Back to integrations
Dagster + GCP GCS

Dagster Integration:
Dagster + GCP GCS

Integrate with GCP GCS.

About this integration

This integration allows you to interact with Google Cloud Storage (GCS) using Dagster. It provides resources, IO managers, and utilities to manage and store data in GCS, making it easier to integrate GCS into your data pipelines.

Installation

pip install dagster-gcp

Examples


import pandas as pd
from dagster import Definitions, asset
from dagster_gcp.gcs import GCSResource


@asset
def my_gcs_asset(gcs: GCSResource):
    df = pd.DataFrame({"column1": [1, 2, 3], "column2": ["A", "B", "C"]})

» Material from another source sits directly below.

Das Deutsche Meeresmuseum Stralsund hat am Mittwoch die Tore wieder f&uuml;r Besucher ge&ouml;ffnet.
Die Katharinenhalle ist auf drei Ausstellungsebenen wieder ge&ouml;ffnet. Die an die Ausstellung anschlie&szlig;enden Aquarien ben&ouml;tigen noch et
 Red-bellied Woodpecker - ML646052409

    csv_data = df.to_csv(index=False)

    gcs_client = gcs.get_client()

    bucket = gcs_client.bucket("my-cool-bucket")
    blob = bucket.blob("path/to/my_dataframe.csv")
    blob.upload_from_string(csv_data)


defs = Definitions(
    assets=[my_gcs_asset],
    resources={"gcs": GCSResource(project="my-gcp-project")},
)

About Google Cloud Platform GCS

Google Cloud Storage (GCS), is a scalable and secure object storage service. GCS is designed for storing and accessing any amount of data at any time, making it ideal for data science, AI infrastructure, and frameworks for ML like AutoML. With this integration, you can leverage GCS for efficient data storage and retrieval within your Dagster pipelines.